New York, Londra ve Paris gibi benzeri yerlerde, ticari tiyat­roların yanı sıra her gece perdelerini açan yüzlerce yarı amatör topluluğun çoğunun, böylesi oyun-senaryoları sahnelediğini ve çok büyük bir ilgi gördüğünü biliyoruz. Bizde ise, bilindiği gibi amatörlerin edebi ağırlıklı tiyatro anlayışları genelde pek ilgi gör­mez çünkü hem estetik olarak izleyiciyi doyuramaz hem de yazar tiyatrosunun bu pek de parlak olmayan ürünleri, ticari tiyatrolarla rekabete giremez. İzleyicinin hem estetik bir doyum hem de farklı bir tiyatro anlayışı bulduğu zaman amatör veya yan amatörlere il­gi duyacağı kesindir. Kaldı ki, bizce sorun, kitlelerden çok büyük ilgi görmek veya görmemek değildir, önemli olan belirli bir estetik düzeyi tutturabilmek, ülkedeki genel seviyesizliğe üretimle karşı çıkabilmektir.

Amatörler oyun senaryolarıyla olsun, uyarlama oyunlarla olsun yeni sahneleme üslupları oluşturdukça genel ilgi bir zo­runluluk olarak buraya kayacaktır zaten. Küçük bütçeli oyun se­naryolarının bu sürece olan katkısı çok büyük olabilir. Bu tip çalış­maların beklenilenin aksine, yazar ve oyuncu ağırlıklı tiyatroya oranla seyirciden çok büyük bir ilgi görebileceği de unutulmamalı­dır.

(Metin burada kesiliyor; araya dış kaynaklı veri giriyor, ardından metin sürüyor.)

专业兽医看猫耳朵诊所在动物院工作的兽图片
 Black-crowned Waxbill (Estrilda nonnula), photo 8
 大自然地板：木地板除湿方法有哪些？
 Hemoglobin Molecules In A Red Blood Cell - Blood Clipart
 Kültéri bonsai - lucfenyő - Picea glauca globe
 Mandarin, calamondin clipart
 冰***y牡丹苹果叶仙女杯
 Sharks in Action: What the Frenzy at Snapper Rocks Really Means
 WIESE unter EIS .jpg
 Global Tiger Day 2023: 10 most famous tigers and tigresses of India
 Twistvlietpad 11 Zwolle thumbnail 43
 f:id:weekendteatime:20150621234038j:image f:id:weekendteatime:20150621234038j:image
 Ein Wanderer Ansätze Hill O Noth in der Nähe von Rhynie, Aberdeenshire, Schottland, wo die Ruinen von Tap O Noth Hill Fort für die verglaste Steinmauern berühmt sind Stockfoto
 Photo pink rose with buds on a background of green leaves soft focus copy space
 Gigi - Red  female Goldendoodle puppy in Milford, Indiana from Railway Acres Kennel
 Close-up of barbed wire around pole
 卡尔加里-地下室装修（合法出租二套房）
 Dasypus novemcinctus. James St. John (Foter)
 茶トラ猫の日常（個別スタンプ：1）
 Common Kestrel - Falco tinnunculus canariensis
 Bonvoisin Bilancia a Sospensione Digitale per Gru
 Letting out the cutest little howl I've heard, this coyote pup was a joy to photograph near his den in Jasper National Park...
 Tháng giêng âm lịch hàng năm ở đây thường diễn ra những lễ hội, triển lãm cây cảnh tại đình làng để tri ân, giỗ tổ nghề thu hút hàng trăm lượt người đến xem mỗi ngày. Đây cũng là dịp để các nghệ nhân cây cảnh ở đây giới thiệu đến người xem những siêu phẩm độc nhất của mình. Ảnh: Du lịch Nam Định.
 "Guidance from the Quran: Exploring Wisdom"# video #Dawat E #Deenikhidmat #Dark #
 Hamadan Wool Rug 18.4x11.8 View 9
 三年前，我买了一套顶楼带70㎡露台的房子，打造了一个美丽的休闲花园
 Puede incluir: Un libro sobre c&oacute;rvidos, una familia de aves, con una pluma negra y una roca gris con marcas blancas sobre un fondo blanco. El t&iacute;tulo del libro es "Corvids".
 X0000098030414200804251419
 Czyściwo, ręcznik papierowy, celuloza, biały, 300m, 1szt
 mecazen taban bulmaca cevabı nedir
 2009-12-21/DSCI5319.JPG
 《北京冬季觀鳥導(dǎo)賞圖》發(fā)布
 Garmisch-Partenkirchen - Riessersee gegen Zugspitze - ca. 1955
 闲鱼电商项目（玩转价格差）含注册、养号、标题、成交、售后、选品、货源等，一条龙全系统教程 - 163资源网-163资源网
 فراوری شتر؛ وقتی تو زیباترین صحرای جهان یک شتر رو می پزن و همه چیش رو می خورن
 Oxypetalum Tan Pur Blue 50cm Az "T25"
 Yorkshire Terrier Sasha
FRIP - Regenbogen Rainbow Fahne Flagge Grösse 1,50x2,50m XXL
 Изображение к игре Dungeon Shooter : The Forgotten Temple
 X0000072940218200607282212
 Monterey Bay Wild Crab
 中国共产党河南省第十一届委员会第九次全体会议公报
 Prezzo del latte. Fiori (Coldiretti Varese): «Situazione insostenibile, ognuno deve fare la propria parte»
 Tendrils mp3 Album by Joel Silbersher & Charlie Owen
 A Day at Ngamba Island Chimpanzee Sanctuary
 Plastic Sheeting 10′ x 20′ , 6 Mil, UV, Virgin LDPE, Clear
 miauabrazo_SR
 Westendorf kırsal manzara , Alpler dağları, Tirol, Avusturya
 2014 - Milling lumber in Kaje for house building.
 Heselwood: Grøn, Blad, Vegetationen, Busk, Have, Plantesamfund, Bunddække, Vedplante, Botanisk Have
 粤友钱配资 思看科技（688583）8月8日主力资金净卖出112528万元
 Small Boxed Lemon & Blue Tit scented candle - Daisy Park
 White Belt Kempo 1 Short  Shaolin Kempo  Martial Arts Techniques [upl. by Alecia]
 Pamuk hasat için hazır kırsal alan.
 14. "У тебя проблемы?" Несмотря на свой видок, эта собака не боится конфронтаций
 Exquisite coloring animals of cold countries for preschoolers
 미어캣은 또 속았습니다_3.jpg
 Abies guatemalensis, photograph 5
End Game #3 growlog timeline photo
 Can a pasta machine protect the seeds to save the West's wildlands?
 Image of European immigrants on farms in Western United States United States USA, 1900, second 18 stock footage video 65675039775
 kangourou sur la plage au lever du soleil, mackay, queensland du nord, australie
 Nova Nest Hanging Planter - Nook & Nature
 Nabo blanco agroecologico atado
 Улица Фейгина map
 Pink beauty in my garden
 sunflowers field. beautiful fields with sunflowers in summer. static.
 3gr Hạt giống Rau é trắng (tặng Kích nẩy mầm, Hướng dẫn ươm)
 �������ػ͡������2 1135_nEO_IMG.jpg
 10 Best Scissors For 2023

Nitekim BÜO’daki son beş altı yıllık deneyimin de gösterdiği gibi, metin olarak hiçbir edebi değeri olmayan, belirli bir hikâye anlatmayan oyun senaryoları ve uyarlamalar azımsanmayacak başarılar kazanmıştır.

Oyunun senaryoları diye adlandırabileceğimiz özgün ürün­ler, sahneye koymada geniş olanaklar taşıyan klasikleşmiş yazar­ların metinleriyle birlikte çağımız tiyatro adamlarının çoğunun da paylaştığı gibi geleceğin tiyatrosunun yapıtaşlarını oluşturacaktır. Bir gösteri sanatı olarak, izleyiciyle “aynı zaman ve mekân dilimini paylaşma deneyimi”ni bir üslup haline getirebildiği oranda tiyat­ro, edebiyattan kurtulacak, sinema ile daha iyi rekabet edebilecek düzeye gelecektir.

Ülkemizde bu konuda sınırlı sayıdaki muhataplarımızdan birisi olan amatör kesim ise, bir oyun ya da bir metin çevresinde de­ğil, farklı bir tiyatro anlayışının çevresinde buluşmalı, bu “aynı za­man ve mekân dilimini paylaşma deneyimi”nin yeni üsluplarını araştırmalıdır.